Una domenica di frontiera a Torino. Dove fatica e speranza camminano insieme
Cronache di frontiera. Via Guido Reni, dove la Torino storica s’aggrappa al futuro. Domenica di luce e Alpi bellissime. A ridosso di una chiesa, giovani, papà e mamme, dopo la Messa, preparano pranzo per chi non può. Tre volte al mese, per ora, ma cresceranno. Protagonisti i ragazzi, quelli della generazione schiaffeggiata dalla crisi e dalla società. Cucinano e sorridono, lo fanno nella 'città giardino', dove la fantasia dell’accoglienza (e della misericordia che Francesco chiede in Misericordia et misera) è già oltre. È la gioia dell’integrazione con tutti i nodi che comporta. Il carrello che raccoglie in fondo alla chiesa e, all’offertorio, è davanti all’altare, i rifugiati che dormono qui, i barboni di casa nostra.
Scorrono le auto tra i palazzi; il nuovo mondo fa i primi passi qui, nel sole freddino di primavera. I ragazzi giocano, gli adulti preparano. Più che una parrocchia, è una famiglia. «Bellissima», dice don Benito. Piccoli passi che tutti fanno mentre, dall’altra parte d’Italia, a Treviso, sorge un quartiere blindato, l’Ungheria vuole mettere in cella i migranti e l’Europa (come fa spesso) se ne lava le mani. Qui, invece, c’è aria di festa. Tutta gente che sa bene dei timori, delle paure, delle ansie provocate dai nuovi arrivi. Attorno ai tavoli uomini e donne, messi ai cancelli delle fabbriche dalla grande gelata, famiglie con e senza lavoro, con e senza drammi in casa, che aprono il cuore, con discrezione e sapienza.
Il tutto sembra, in questa giornata di Quaresima, una tenda aperta dove i viandanti si fermano. Ci sono italiani, marocchini, africani, siriani. Mangiano e parlano. È l’integrazione che prende forma proprio in una zona della città con tanti problemi.

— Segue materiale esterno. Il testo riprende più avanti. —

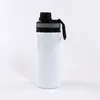 5color Sublimation Aluminum Blanks Water Bottles 600ML Heat Resistant Kettle Sports Cups White Cover Cups With Handle Sea Shipping T500476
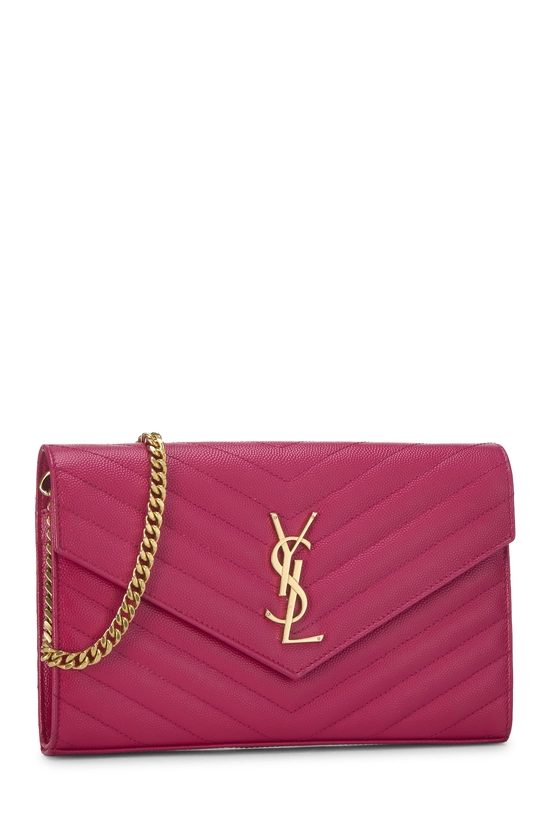 Pink Grainy Leather Monogram Wallet On Chain (WOC), , large image number 1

Il sole è alto ormai; le campane accompagnano la presenza discreta di chi crede, di chi ha una fede, ma non l’ostenta, la vive. E c’è anche gente che non mette mai, o quasi, i piedi in una chiesa. Fantasia e misericordia. I ragazzi si sentono più grandi di quel che sono tra piatti, vino, acqua, pane. I rumors di Trump che riprova a bloccare l’immigrazione (e il suo provvedimento viene, per fortuna, di nuovo fermato), quelli di chi impone ai poveri di rovistare tra i rifiuti e l’Europa borderline si disintegrano sull’asfalto con troppe buche, consumato da altre ondate di arrivi. È impossibile fermare il cammino della disperazione e della speranza. Qui l’hanno capito: camminano insieme. Ci sono anche un bar ed un ristorante. Lo gestiscono i ragazzi che hanno coinvolto loro coetanei down o con qualche disabilità e figli di immigrati: lavorano gli uni accanto agli altri. Insomma è una fioritura di idee che ha i colori, il cuore, ma anche le intelligenze del mondo. È la risposta ai figli dell’Italia che nascono sempre meno, a coloro che vanno all’estero per pagare meno tasse, a chi evoca cani e bastoni, in Serbia, per spaventare gli involontari protagonisti dell’esodo biblico. Risposta pacata, originale, serena, bella come il tramonto che colora l’ultima neve di primavera sulle montagne delle Olimpiadi.